#### THE INPUT ####
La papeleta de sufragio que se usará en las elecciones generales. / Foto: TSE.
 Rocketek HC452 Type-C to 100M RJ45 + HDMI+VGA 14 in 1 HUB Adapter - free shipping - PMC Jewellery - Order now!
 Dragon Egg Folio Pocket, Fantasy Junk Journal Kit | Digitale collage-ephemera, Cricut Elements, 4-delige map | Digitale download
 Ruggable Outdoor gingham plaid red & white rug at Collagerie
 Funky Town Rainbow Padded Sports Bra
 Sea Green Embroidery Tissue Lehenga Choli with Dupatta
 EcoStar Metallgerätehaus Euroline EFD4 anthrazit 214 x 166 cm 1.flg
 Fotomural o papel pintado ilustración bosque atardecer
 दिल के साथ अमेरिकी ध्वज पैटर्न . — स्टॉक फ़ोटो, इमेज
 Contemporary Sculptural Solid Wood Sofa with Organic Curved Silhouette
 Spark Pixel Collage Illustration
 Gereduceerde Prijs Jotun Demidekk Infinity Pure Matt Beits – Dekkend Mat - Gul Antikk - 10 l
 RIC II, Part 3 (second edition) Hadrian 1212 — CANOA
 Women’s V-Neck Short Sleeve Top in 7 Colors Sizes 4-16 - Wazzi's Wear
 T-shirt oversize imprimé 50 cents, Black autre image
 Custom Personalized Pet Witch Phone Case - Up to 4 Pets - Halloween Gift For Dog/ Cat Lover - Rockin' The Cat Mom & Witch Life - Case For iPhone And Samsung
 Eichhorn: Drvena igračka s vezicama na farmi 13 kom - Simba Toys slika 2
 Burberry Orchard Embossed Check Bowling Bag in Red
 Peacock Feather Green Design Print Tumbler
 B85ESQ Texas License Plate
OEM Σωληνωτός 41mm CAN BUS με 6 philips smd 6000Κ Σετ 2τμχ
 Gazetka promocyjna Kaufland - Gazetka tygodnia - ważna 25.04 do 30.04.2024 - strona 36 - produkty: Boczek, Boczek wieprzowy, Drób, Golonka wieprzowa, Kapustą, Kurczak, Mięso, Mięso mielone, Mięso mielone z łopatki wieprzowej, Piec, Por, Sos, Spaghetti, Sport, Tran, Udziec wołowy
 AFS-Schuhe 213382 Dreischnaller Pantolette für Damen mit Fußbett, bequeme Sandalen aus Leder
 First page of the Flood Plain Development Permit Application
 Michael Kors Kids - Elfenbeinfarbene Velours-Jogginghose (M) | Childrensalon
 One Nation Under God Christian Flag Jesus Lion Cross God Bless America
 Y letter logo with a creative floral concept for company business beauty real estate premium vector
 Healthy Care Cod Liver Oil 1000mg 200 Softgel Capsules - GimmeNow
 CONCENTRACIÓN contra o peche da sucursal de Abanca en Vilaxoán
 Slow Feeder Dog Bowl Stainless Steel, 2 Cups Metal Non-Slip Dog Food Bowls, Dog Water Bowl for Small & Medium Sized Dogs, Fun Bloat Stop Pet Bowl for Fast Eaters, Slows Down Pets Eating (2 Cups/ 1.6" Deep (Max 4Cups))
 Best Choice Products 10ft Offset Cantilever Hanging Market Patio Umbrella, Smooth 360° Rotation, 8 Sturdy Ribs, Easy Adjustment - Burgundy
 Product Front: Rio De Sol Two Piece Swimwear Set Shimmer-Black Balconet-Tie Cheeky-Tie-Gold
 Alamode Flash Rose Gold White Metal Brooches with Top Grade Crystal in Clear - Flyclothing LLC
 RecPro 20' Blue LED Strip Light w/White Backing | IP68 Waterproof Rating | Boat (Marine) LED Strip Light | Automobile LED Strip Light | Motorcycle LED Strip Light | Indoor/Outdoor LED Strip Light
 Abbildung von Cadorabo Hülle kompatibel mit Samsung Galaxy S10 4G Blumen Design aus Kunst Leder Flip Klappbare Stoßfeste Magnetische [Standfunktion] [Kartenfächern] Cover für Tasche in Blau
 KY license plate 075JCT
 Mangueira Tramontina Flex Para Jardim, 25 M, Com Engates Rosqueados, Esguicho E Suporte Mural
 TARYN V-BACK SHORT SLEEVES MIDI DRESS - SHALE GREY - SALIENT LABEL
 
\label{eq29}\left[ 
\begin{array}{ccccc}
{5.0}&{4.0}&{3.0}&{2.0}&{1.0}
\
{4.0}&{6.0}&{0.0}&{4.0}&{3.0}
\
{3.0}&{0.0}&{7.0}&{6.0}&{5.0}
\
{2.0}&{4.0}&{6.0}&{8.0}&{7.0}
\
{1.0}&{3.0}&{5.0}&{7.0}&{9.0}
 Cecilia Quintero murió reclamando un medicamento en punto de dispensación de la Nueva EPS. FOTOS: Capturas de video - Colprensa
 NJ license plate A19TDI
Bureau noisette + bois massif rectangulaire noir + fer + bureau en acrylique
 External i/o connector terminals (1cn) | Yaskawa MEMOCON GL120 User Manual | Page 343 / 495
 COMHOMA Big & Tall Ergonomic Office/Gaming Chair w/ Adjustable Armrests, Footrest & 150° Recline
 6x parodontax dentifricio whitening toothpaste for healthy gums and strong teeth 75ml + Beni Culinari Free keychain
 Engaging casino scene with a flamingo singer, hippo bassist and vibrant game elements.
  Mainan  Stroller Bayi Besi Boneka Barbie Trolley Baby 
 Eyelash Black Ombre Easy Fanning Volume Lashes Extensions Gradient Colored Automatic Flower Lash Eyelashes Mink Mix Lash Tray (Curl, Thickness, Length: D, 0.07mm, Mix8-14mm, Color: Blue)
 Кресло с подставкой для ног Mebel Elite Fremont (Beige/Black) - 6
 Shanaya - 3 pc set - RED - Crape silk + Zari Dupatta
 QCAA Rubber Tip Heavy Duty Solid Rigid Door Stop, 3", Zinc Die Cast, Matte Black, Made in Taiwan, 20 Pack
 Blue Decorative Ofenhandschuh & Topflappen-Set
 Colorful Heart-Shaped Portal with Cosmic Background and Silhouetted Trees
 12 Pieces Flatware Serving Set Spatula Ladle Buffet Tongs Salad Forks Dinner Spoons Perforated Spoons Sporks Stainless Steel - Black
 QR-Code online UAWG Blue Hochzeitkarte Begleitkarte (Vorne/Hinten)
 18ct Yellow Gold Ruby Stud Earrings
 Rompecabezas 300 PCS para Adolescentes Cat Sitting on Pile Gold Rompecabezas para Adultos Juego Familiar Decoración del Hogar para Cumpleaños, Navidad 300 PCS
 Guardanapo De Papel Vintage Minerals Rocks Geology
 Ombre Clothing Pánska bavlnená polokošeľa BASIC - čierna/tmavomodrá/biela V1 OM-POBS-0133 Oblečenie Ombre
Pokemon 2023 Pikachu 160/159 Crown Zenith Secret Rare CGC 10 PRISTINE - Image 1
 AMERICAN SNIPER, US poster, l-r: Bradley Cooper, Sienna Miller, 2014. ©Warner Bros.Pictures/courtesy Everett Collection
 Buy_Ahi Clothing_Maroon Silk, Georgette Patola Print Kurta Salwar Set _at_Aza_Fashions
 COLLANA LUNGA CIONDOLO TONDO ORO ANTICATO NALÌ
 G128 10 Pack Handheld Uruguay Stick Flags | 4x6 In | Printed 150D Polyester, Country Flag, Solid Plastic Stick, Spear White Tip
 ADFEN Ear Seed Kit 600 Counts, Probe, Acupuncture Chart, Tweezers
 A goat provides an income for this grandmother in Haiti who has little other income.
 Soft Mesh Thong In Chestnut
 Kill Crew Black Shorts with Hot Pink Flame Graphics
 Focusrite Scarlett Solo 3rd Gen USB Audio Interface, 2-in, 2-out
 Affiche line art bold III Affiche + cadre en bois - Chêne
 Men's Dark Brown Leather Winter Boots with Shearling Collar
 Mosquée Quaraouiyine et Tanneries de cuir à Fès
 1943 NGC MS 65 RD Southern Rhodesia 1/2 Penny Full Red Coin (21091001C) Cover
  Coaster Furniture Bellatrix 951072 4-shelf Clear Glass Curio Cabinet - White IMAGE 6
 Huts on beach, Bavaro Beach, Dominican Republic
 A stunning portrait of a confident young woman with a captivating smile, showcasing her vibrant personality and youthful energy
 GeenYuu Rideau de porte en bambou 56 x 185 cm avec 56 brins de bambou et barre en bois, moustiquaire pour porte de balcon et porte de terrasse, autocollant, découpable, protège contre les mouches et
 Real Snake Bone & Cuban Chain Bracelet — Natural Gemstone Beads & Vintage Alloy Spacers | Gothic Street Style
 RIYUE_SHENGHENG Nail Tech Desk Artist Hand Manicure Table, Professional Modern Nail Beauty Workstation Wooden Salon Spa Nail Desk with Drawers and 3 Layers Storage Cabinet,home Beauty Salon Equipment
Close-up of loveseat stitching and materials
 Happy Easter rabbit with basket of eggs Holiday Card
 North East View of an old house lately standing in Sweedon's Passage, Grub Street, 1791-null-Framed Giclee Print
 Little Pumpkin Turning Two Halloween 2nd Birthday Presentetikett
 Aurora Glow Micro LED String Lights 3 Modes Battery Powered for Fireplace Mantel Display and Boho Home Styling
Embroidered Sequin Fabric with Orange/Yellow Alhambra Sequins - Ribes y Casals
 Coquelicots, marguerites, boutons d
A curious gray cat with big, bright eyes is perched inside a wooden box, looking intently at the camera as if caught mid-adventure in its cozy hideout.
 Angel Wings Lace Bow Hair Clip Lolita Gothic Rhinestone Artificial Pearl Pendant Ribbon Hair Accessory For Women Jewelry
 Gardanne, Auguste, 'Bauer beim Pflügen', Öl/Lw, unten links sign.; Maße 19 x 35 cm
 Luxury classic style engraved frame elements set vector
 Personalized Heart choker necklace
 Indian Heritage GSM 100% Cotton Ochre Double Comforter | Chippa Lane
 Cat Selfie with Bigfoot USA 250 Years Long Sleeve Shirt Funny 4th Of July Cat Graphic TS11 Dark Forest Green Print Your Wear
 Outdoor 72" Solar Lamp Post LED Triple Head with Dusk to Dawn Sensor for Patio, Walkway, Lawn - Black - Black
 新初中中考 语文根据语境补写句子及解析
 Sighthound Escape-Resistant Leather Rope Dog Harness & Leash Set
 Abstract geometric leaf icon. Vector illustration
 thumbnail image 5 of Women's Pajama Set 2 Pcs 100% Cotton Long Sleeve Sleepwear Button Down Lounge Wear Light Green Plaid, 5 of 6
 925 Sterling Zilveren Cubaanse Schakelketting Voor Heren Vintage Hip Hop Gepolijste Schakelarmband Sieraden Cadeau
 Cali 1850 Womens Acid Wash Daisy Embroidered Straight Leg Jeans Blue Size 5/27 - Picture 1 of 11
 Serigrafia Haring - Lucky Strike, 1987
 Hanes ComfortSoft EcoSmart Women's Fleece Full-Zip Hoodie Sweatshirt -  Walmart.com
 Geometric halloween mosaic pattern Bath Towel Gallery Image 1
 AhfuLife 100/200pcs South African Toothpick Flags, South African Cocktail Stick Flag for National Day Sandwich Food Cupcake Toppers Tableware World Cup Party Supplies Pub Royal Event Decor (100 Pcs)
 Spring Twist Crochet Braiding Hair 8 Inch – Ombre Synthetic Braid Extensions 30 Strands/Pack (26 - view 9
####
Beginning with the line above that contains "North East View", copy each line exactly up to and including the line that contains "Aurora Glow Micro", and go no further.

**OUTPUT BELOW:**
 North East View of an old house lately standing in Sweedon's Passage, Grub Street, 1791-null-Framed Giclee Print
 Little Pumpkin Turning Two Halloween 2nd Birthday Presentetikett
 Aurora Glow Micro LED String Lights 3 Modes Battery Powered for Fireplace Mantel Display and Boho Home Styling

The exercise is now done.